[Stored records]
--------------------
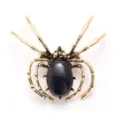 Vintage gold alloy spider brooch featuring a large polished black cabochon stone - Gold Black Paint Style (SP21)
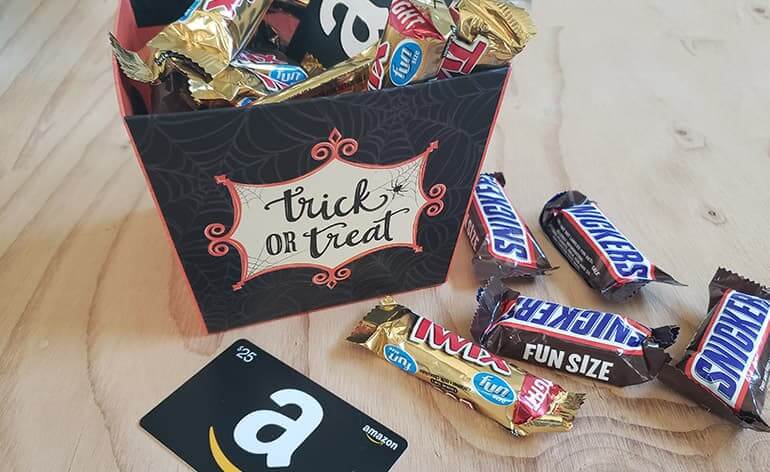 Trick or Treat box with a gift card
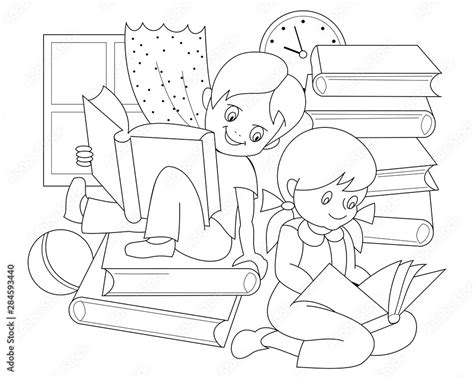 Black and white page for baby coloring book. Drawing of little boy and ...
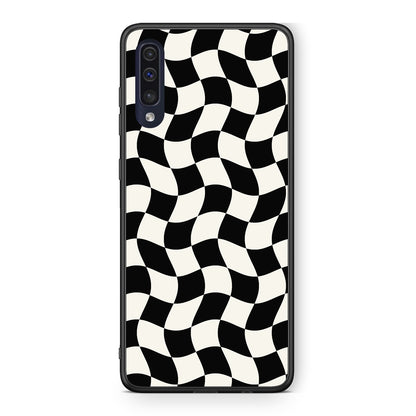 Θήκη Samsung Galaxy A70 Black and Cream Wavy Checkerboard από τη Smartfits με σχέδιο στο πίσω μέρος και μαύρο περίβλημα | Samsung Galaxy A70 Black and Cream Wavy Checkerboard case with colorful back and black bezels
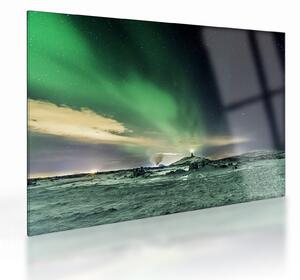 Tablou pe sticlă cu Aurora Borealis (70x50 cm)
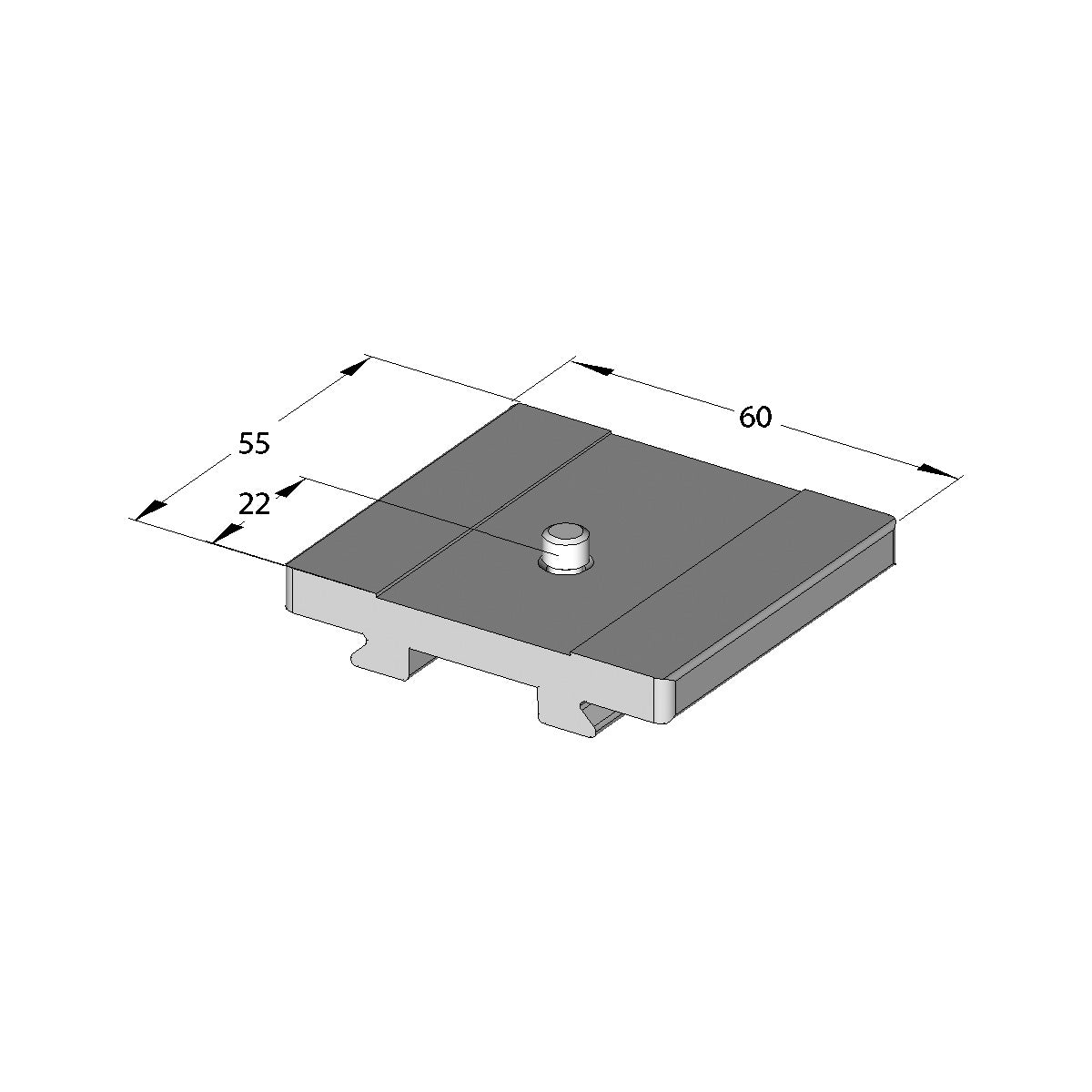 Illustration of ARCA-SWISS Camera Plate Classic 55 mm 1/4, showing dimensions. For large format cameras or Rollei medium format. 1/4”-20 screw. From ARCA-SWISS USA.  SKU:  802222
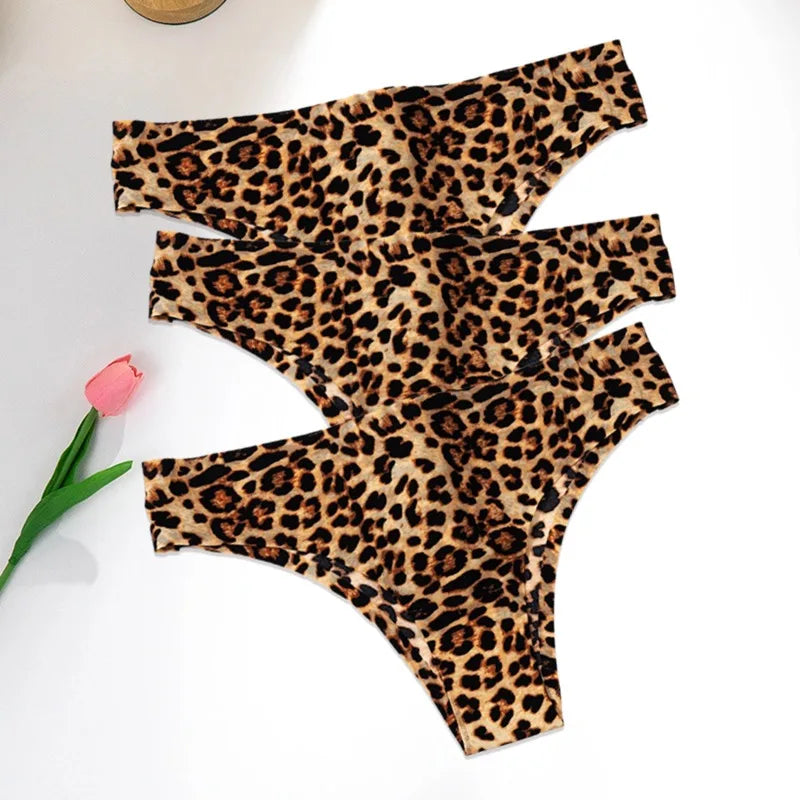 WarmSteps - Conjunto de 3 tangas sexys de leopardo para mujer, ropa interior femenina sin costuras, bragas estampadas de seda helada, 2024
--------------------
EXERCISE OBJECTIVE: The reply should hold the lines from the top of the records through the line containing "Tablou pe sticlă", reproduced exactly, and no pictures.

EXERCISE ANSWER:
 Vintage gold alloy spider brooch featuring a large polished black cabochon stone - Gold Black Paint Style (SP21)
 Trick or Treat box with a gift card
 Black and white page for baby coloring book. Drawing of little boy and ...
 Θήκη Samsung Galaxy A70 Black and Cream Wavy Checkerboard από τη Smartfits με σχέδιο στο πίσω μέρος και μαύρο περίβλημα | Samsung Galaxy A70 Black and Cream Wavy Checkerboard case with colorful back and black bezels
 Tablou pe sticlă cu Aurora Borealis (70x50 cm)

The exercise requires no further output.